RAPT Therapeutics is a clinical stage immunology-based biopharmaceutical company focused on discovering, developing and commercializing oral small molecule therapies for patients with significant unmet needs in oncology and inflammatory diseases. Utilizing its proprietary discovery and development engine, RAPT is developing highly selective small molecules designed to modulate the critical immune drivers underlying these diseases. RAPT has discovered and advanced two unique drug candidates, FLX475 and RPT193, each targeting C-C motif chemokine receptor 4 (CCR4), for the treatment of cancer and inflammation, respectively. RAPT is also pursuing a range of targets that are in the discovery stage of development.

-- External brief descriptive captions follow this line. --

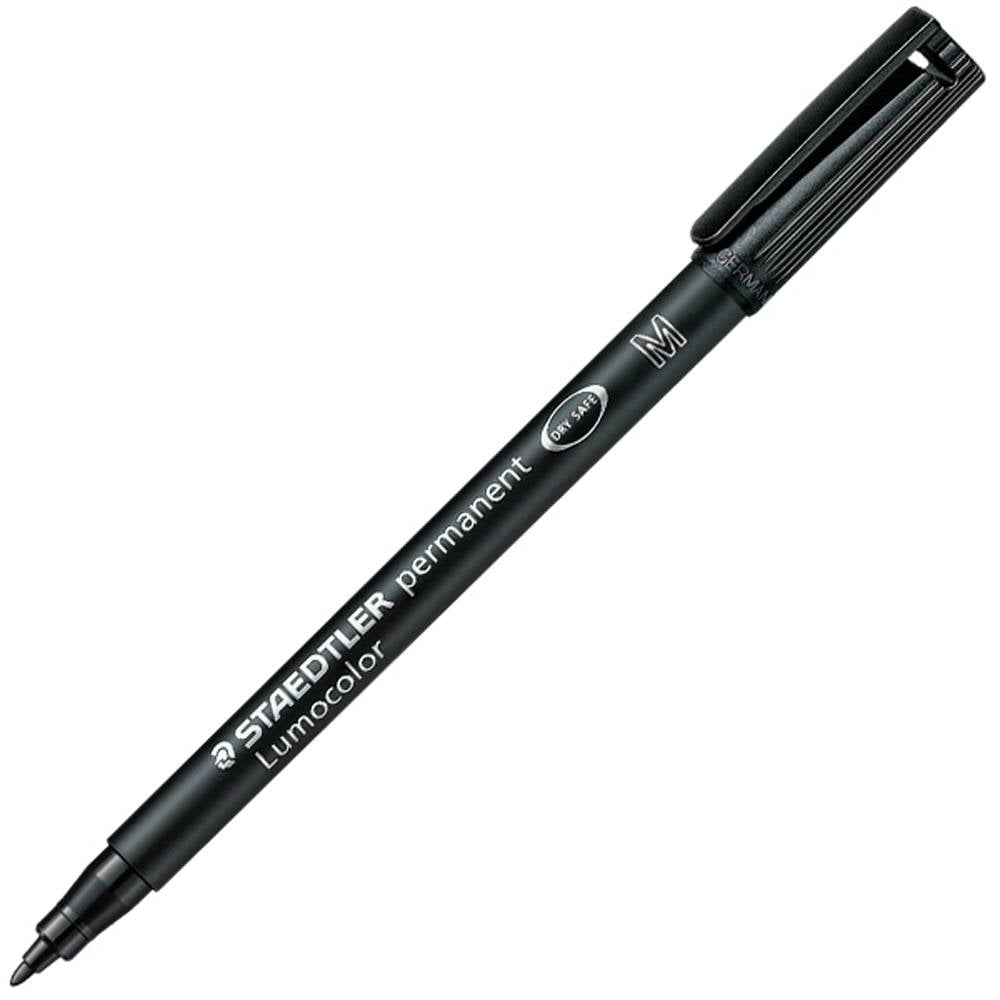 Permanentne marker OHP STAEDTLER Lumocolor 317 M 1,0mm must - Pilt 1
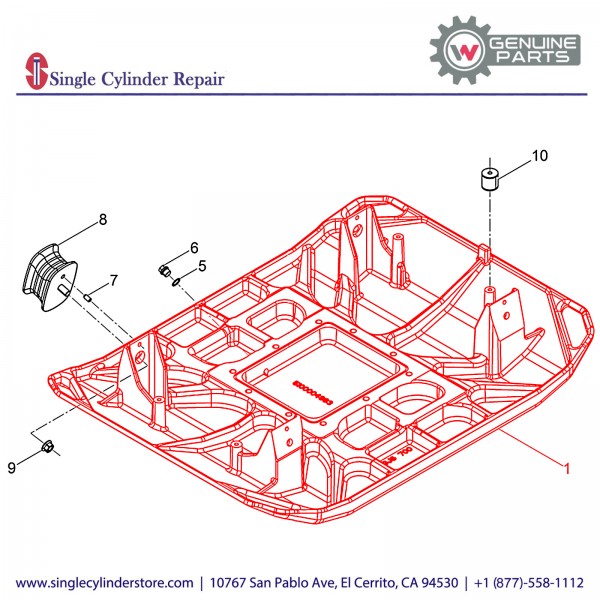 Wacker 5100004986 Baseplate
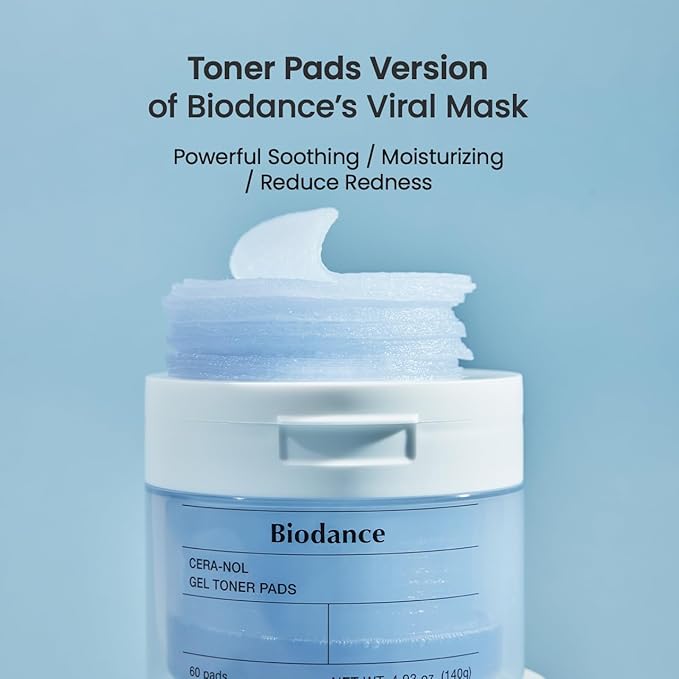 Biodance cera-nol gel toner pads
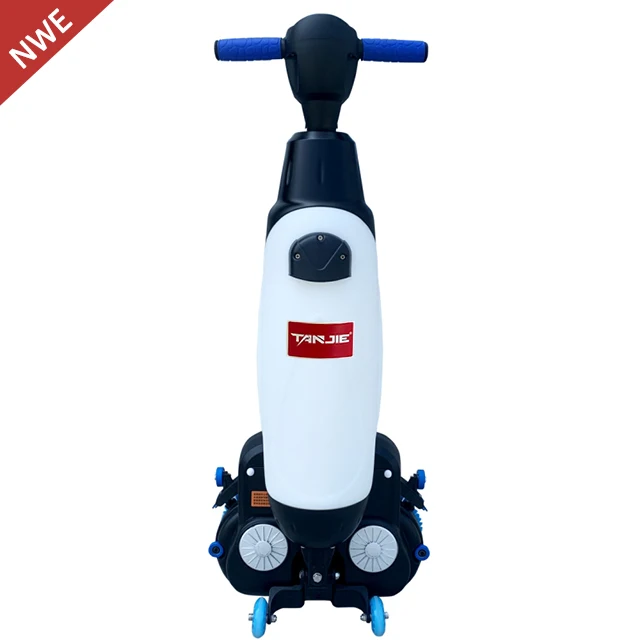 Commercial Industrial Floor Cleaning Machine Industrial Electric Mini Hand Held Walk-behind Floor Scrubber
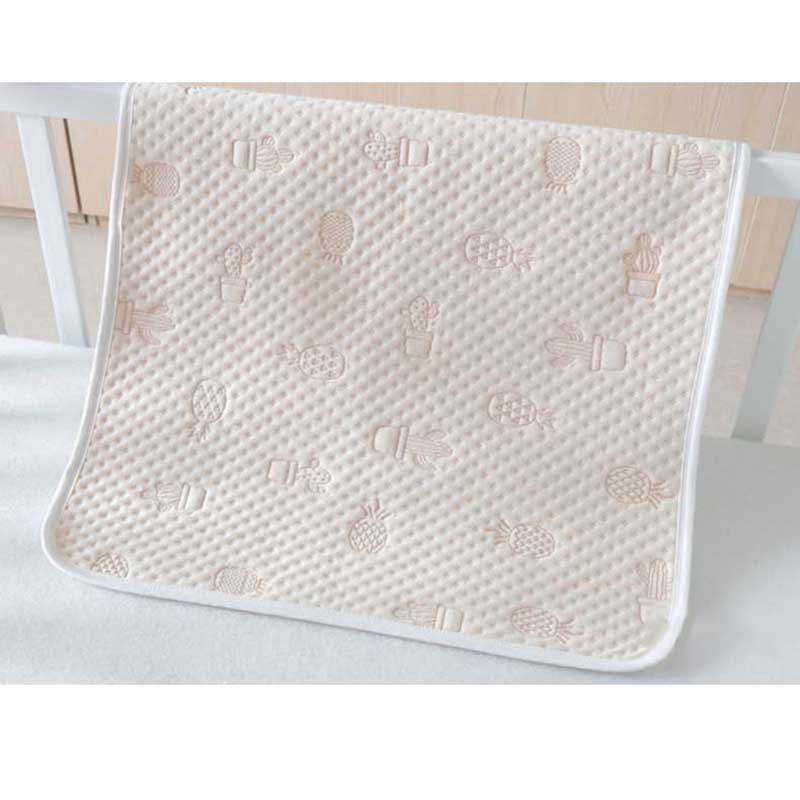 2 x incontinentie wasbare bedonderleggers zonder instopstrookjes 70 x 100cm -  herbruikbare voor baby (tweelingverpakking)
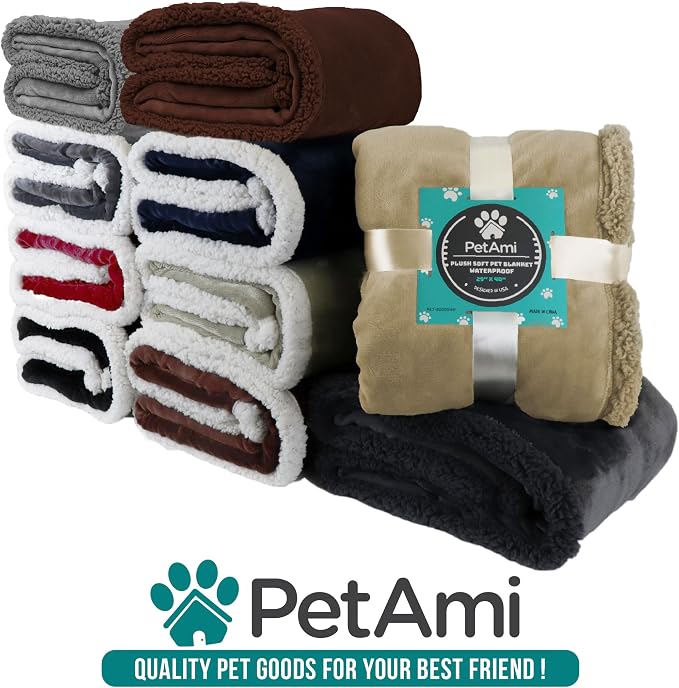 PetAmi Waterproof Dog Blanket for Medium Large XL Dog Puppy Cat Throw for Couch - Image 9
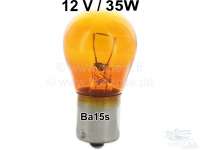 Sonstige-Citroen - ampoule 12volts, culot Ba15s, 35 Watt, couleur orange pour clignotants à cabochon blanc (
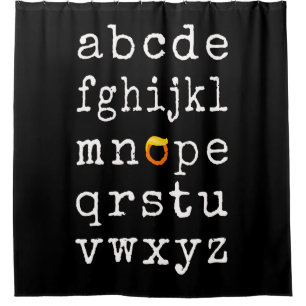 Cortina Para Box Anti-Trump Alphabet - Nope V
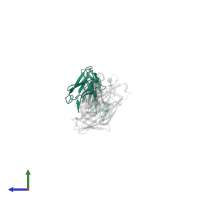 Fab14 light chain in PDB entry 7xxl, assembly 1, side view.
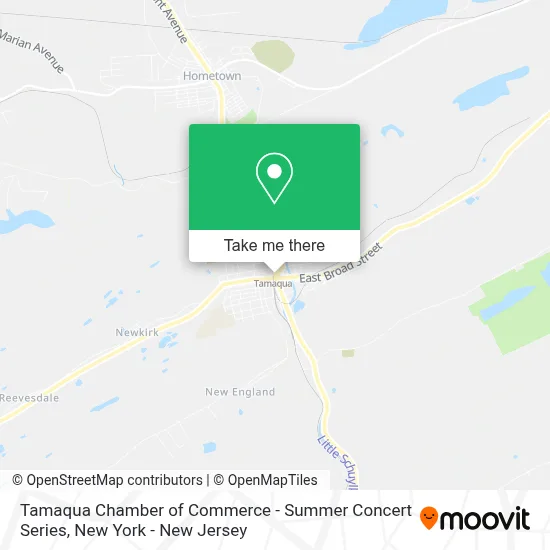 Tamaqua Chamber of Commerce - Summer Concert Series map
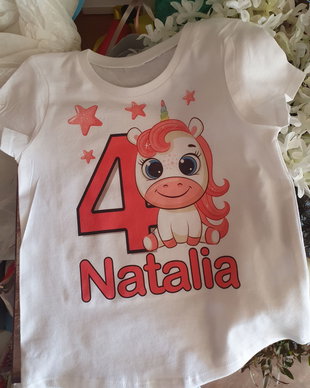 Tricou 4 ani Unicorni Fetita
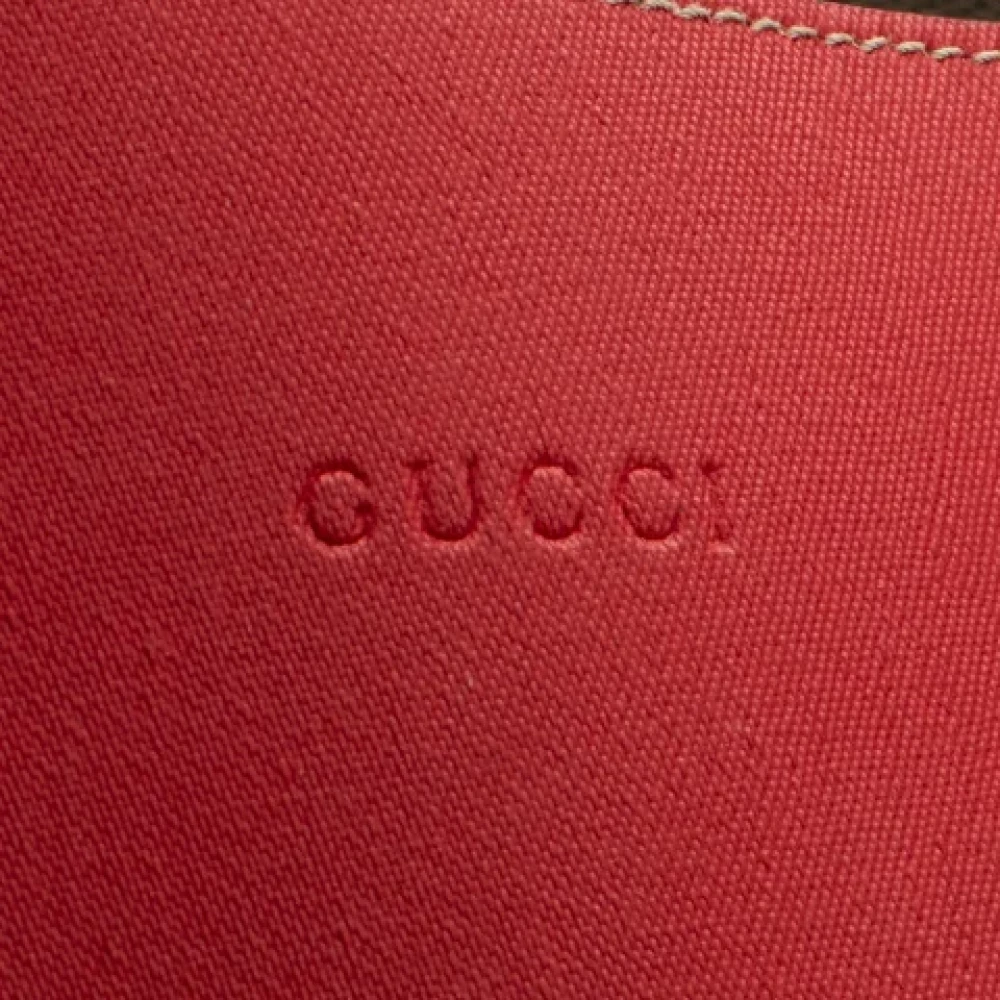 Gucci Vintage Pre-owned Canvas gucci-bags Red Dames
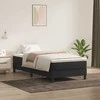 Box Spring Lova be čiužinio Juoda 100x210 cm aksomas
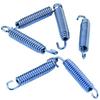 6pcs Stainless Steel Exhaust Pipe Spring Hooks Rotatable Metal Springs Kit Set for Most Riding Motorcycles Scooters ATV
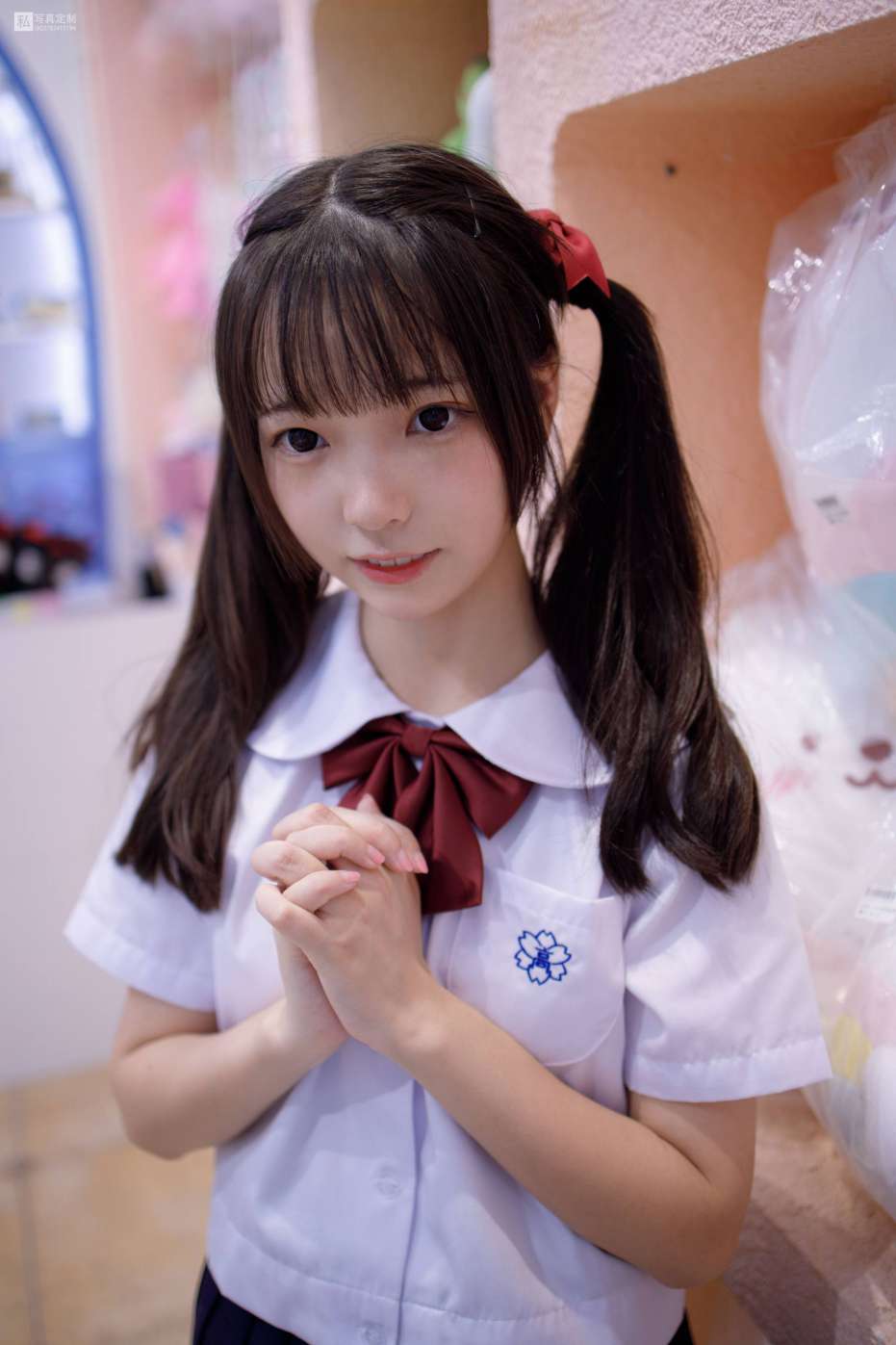 图片[4]-眼神好清澈的双马尾白丝女孩【75P】20019-街图社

This press release contains forward-looking statements. These statements relate to future events and involve known and unknown risks, uncertainties and other factors that may cause our actual results, performance or achievements to be materially different from any future performances or achievements expressed or implied by the forward-looking statements. Each of these statements is based only on current information, assumptions and expectations that are inherently subject to change and involve a number of risks and uncertainties. Forward-looking statements include, but are not limited to, statements about interpretations of the topline results from the Phase 1b clinical trial of RPT193, clinical development progress including the anticipated advancement of RPT193 to a Phase 2b trial in atopic dermatitis as well as Phase 2 trials in other indications and the potential of RPT193 to treat atopic dermatitis or other inflammatory diseases. Detailed information regarding risk factors that may cause actual results to differ materially from the results expressed or implied by statements in this press release may be found in RAPT’s Quarterly Report on Form 10-Q filed with the Securities and Exchange Commission on May 11, 2021, and subsequent filings made by RAPT with the Securities and Exchange Commission. These forward-looking statements speak only as of the date hereof. RAPT disclaims any obligation to update these forward-looking statements.